It’s been awhile since we did a post on wedding traditions. We’ve covered French, Italian and Southern Belle customs so far, and our Irish wedding traditions was one of our most popular posts, in case you missed it. Of course lots of different countries weddings, particularly those with origins in the Christian church, have many similarities in their traditions. I find the points at which they differ to be pretty interesting though, and today we’re going to take a look at wedding traditions in Greece (warning: get ready for lots of dancing!)
Stefana Wedding Crowns
The bride and groom are adorned with crowns at the climax of the wedding ceremony. These are connected with ribbon to symbolise their relationship, and the crowns themselves signify them as the respective ‘king’ and ‘queen’ of their household to come. The crowns can be made of twigs wrapped in gold or silver, flowers, vines or precious stones or metals. I have heard that the custom is to keep the crowns forever, and it is not until death that the ribbon between them is cut, the crowns then buried with each partner.

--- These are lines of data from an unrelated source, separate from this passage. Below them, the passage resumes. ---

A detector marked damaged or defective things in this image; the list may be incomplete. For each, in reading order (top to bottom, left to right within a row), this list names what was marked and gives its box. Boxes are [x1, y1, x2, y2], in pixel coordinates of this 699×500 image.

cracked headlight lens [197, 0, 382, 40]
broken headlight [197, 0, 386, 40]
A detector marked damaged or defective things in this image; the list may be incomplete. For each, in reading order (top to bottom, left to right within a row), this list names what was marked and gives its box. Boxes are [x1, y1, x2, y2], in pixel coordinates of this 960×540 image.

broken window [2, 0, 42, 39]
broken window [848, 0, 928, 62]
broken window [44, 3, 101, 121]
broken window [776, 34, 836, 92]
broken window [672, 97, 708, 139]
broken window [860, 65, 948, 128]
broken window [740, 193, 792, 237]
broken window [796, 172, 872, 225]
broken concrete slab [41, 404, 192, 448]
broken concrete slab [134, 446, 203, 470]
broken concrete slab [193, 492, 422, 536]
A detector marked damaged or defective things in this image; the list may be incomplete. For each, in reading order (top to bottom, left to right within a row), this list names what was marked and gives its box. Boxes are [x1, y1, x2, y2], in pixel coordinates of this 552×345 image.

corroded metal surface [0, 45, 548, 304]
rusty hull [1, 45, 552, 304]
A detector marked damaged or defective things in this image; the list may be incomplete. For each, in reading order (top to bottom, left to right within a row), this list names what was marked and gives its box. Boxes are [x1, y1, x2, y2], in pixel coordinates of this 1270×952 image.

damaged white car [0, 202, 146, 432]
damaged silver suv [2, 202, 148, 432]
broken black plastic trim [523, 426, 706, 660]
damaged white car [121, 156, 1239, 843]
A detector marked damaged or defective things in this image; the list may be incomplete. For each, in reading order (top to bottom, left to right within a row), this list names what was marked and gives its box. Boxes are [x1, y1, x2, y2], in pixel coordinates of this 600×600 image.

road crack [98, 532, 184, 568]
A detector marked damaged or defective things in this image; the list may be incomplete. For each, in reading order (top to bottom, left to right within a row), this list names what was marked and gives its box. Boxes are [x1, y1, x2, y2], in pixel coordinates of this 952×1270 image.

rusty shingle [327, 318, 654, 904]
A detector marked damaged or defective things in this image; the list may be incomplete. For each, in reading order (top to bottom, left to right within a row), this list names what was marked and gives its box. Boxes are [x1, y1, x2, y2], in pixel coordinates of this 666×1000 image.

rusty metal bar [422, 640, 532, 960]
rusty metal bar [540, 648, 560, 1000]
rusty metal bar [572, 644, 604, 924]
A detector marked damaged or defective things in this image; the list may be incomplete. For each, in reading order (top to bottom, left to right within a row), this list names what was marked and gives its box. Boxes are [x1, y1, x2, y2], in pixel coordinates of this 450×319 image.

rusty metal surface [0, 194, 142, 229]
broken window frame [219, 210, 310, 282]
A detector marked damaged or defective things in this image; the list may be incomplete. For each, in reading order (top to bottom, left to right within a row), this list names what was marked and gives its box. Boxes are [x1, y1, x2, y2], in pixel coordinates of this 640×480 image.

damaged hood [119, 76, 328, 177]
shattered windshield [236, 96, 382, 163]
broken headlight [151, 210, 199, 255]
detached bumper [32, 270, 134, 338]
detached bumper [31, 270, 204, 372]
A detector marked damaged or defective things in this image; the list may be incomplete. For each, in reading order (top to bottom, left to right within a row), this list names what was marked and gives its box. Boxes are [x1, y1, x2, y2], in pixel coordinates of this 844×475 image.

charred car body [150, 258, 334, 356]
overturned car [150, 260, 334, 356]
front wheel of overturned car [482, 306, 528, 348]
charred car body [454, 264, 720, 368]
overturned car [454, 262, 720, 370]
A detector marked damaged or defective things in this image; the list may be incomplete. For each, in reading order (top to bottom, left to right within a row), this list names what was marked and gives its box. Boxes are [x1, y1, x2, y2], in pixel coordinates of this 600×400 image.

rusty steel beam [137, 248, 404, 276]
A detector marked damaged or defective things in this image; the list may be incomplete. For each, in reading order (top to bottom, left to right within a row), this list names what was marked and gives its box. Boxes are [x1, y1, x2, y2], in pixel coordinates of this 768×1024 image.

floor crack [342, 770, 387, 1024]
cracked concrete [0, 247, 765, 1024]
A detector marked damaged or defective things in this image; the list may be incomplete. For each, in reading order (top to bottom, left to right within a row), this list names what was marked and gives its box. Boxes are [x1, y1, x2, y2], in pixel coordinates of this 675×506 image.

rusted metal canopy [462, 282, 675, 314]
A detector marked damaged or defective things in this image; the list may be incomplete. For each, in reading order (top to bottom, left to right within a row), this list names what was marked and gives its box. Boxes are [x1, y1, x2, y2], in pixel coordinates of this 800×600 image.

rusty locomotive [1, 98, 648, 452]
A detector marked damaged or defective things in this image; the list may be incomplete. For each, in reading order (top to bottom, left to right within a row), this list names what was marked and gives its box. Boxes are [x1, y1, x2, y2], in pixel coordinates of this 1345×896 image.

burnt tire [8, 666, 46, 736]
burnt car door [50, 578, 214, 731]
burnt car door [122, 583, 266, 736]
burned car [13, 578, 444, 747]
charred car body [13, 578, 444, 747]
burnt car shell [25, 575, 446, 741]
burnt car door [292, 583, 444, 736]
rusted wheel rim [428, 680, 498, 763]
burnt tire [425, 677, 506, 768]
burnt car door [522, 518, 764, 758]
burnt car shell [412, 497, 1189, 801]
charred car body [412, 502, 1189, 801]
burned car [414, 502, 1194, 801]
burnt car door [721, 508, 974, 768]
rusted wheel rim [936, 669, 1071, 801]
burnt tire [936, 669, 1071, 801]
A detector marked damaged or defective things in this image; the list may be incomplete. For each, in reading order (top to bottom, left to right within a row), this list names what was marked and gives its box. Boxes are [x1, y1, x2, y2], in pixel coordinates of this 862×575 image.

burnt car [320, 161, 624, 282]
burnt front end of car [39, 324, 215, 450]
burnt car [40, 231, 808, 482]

It is custom for the couple to use the same ring for both the engagement and the wedding. When the engagement takes place the priest blesses each ring and the couple wear them on the left hand until the wedding, where they are blessed again and switched to the couple’s right hands.
No vows are exchanged in the church ceremony, as it is accepted that the couple are serious about marriage by the fact that they are appearing in the church on their wedding day.
The dancers hold hands in a circle, moving counter-clockwise. The lead dancer is the one at the right end of the line and may be connected to the person next to him by holding a handkerchief or scarf between them- this allows him to dance more elaborately and twirl without letting go of the dancing line. The Syrtos dance is slower than its counterpart, the Kalamatianós.
The dancers hold hands in a circle and twirl counter-clockwise for 10 steps, then switch to a clockwise direction for 2 steps. The stepping may lead to jumping or squatting as the dance continues (if the dancers are able!) and the lead dancer again holds a handkerchief as in the Syrtos dance.
The Koumbaro and Koumbara are the best man and maid of honour respectively. The Koumbaro is in charge of putting the rings on the couple during the wedding ceremony and also for passing the Stefana wedding crowns over their heads in the crowning ceremony. The Koumbaro and Koumbara are often asked to be the godparents (Nouno and Nouna) of the couple’s first child.
Ivy in Bouquet
Ivy is often incorporated into the bridal bouquet, as in Greece it is a symbol of everlasting love and protection. (It also makes a gorgeous trailing bouquet!)
“Long life to you!”: This is often wished by the guests for the couple after the ceremony as they leave the church.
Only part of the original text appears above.